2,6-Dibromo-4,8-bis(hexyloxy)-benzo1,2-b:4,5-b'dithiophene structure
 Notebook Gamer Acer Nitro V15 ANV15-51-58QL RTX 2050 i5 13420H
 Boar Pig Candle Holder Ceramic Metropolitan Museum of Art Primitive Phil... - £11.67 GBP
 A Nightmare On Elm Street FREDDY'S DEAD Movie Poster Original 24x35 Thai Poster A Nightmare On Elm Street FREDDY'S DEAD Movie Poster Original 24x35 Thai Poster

• Activity: Reproduce only the lines from the top of the material through the one bearing "Boar Pig Candle", each exactly as it stands.

• Exercise response:
2,6-Dibromo-4,8-bis(hexyloxy)-benzo1,2-b:4,5-b'dithiophene structure
 Notebook Gamer Acer Nitro V15 ANV15-51-58QL RTX 2050 i5 13420H
 Boar Pig Candle Holder Ceramic Metropolitan Museum of Art Primitive Phil... - £11.67 GBP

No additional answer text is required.